§ What you will do:
Apart from the pictures, write out all the records exactly.

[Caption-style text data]
- - -

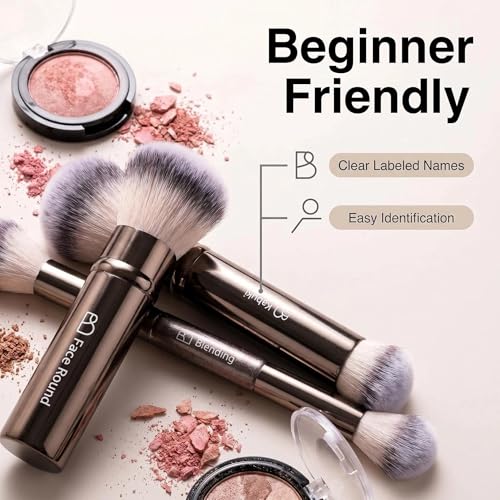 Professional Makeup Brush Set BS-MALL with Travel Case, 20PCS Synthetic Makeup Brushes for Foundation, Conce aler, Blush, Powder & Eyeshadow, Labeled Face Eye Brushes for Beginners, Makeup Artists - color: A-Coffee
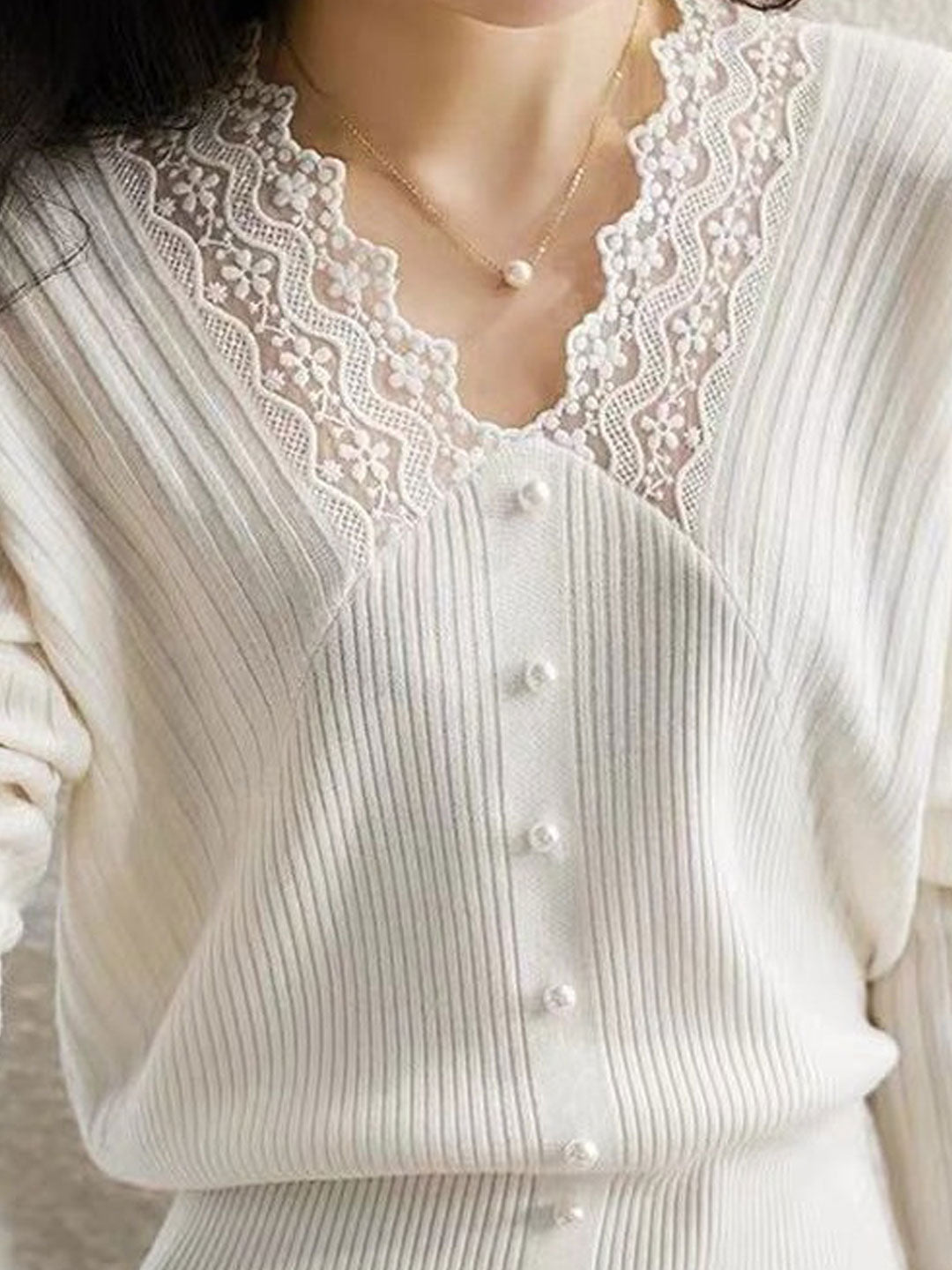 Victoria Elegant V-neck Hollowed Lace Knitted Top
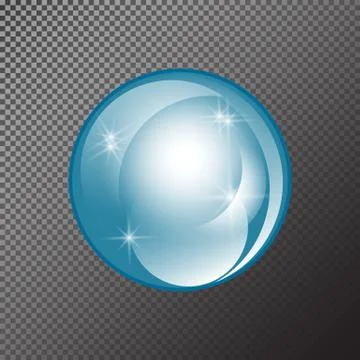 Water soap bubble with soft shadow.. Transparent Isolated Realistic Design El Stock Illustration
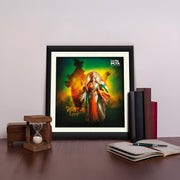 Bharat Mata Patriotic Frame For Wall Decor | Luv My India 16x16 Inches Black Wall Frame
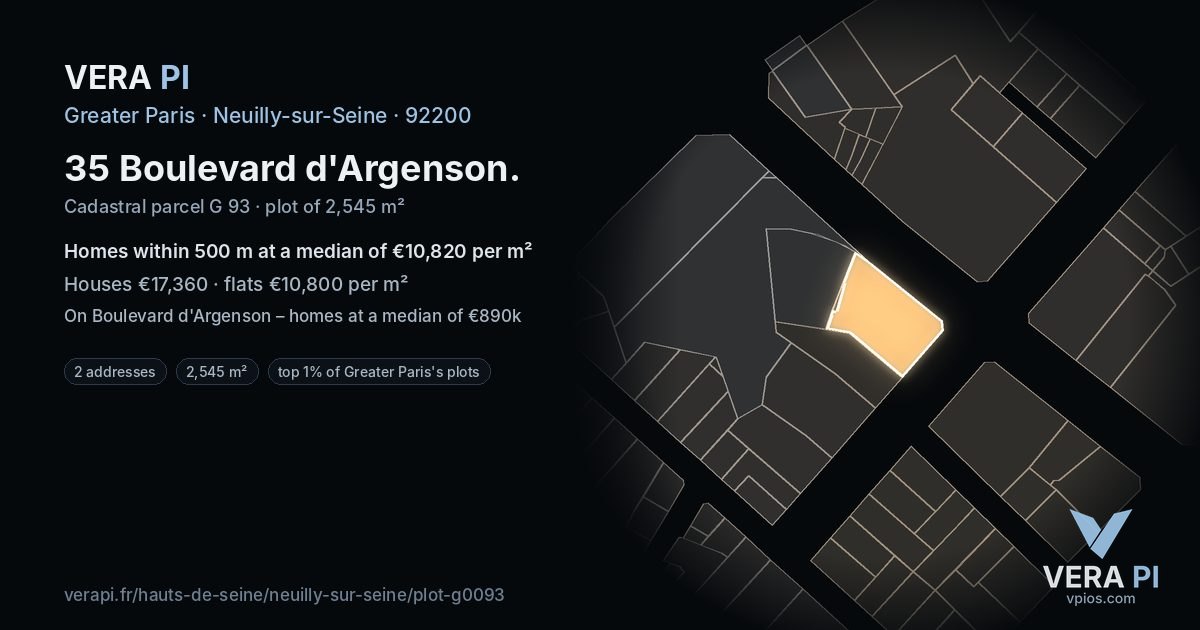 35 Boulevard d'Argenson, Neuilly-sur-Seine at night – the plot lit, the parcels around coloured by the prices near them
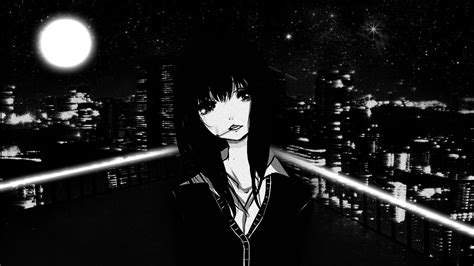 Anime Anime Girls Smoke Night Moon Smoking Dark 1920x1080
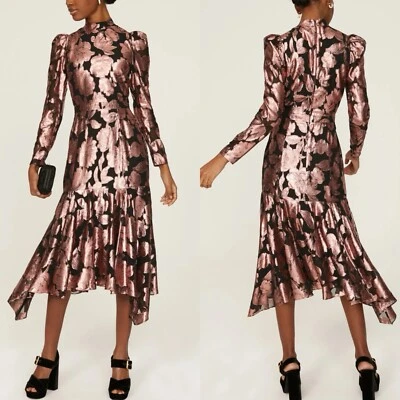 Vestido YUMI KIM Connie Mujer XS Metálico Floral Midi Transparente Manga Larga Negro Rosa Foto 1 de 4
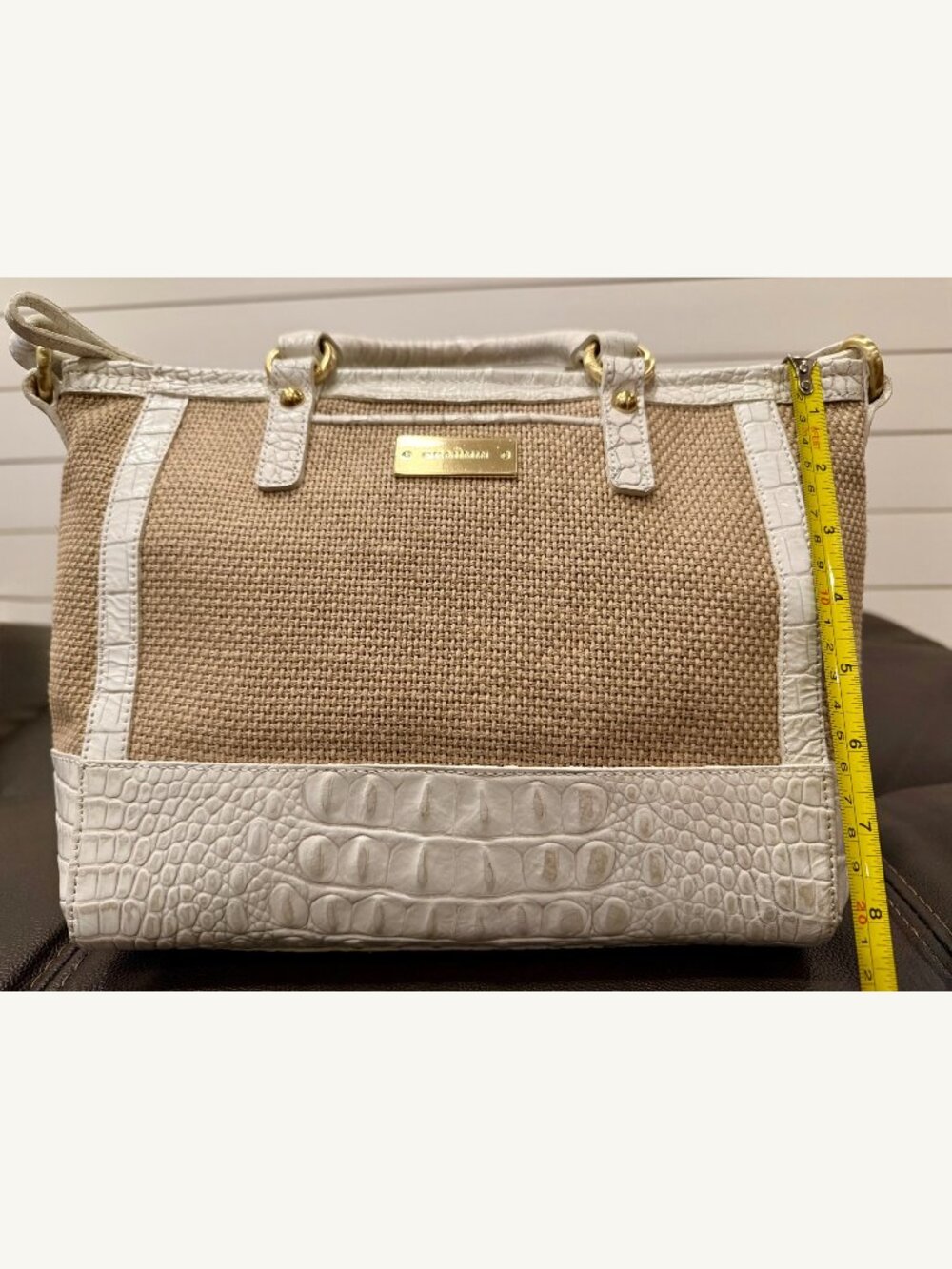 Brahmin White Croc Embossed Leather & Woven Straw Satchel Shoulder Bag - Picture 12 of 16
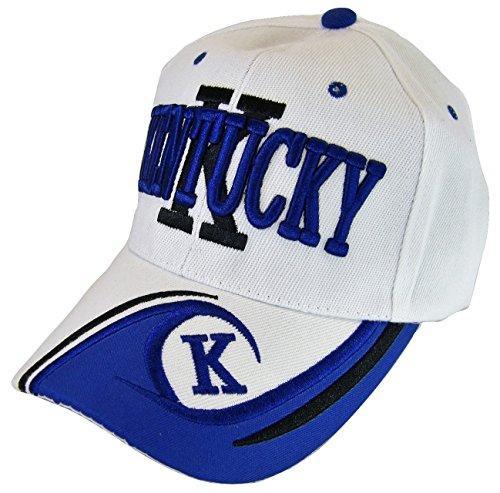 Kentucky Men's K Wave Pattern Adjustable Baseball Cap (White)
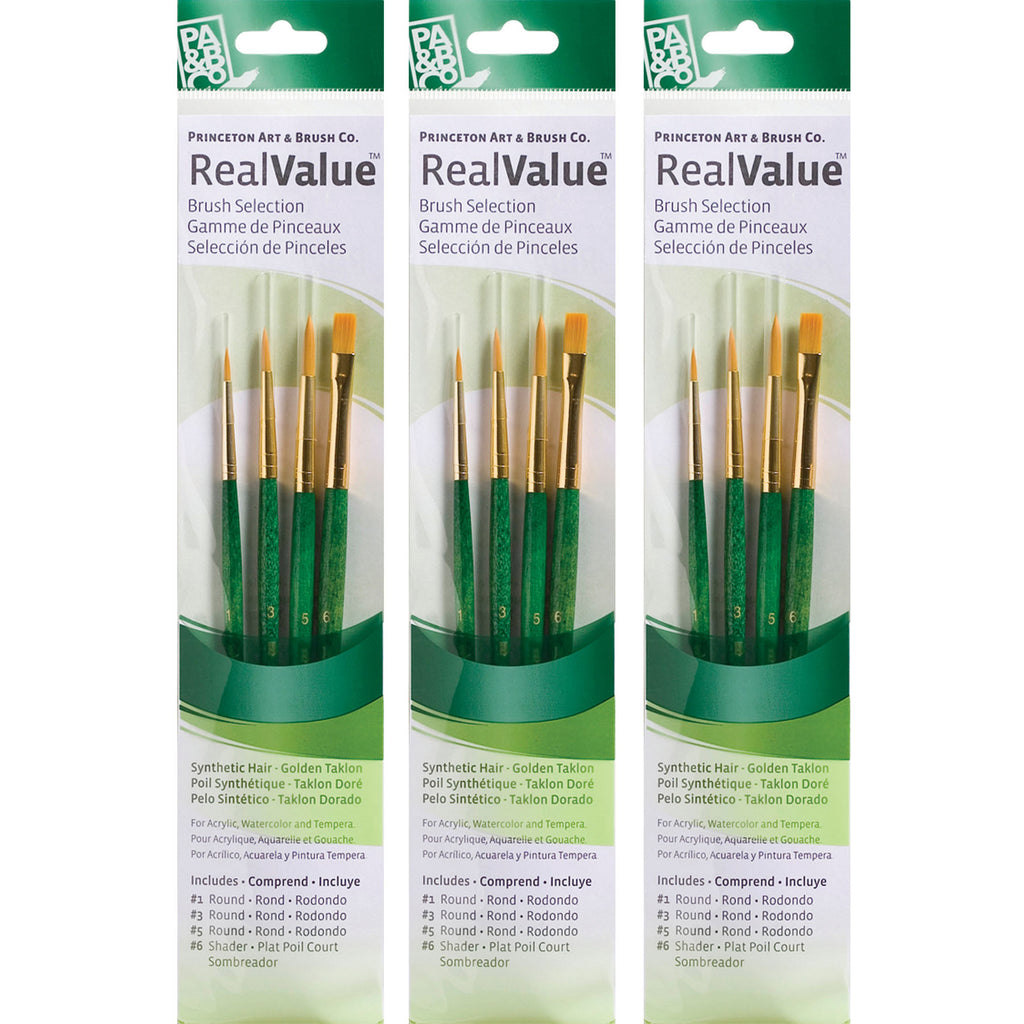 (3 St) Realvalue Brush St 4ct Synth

- - -

§ Solved exercise:
 Professional Makeup Brush Set BS-MALL with Travel Case, 20PCS Synthetic Makeup Brushes for Foundation, Conce aler, Blush, Powder & Eyeshadow, Labeled Face Eye Brushes for Beginners, Makeup Artists - color: A-Coffee
 Victoria Elegant V-neck Hollowed Lace Knitted Top
 Water soap bubble with soft shadow.. Transparent Isolated Realistic Design El Stock Illustration
 Bharat Mata Patriotic Frame For Wall Decor | Luv My India 16x16 Inches Black Wall Frame
 35 Boulevard d'Argenson, Neuilly-sur-Seine at night – the plot lit, the parcels around coloured by the prices near them
 Anime Anime Girls Smoke Night Moon Smoking Dark 1920x1080
 Vestido YUMI KIM Connie Mujer XS Metálico Floral Midi Transparente Manga Larga Negro Rosa Foto 1 de 4
 Brahmin White Croc Embossed Leather & Woven Straw Satchel Shoulder Bag - Picture 12 of 16
 Kentucky Men's K Wave Pattern Adjustable Baseball Cap (White)
 (3 St) Realvalue Brush St 4ct Synth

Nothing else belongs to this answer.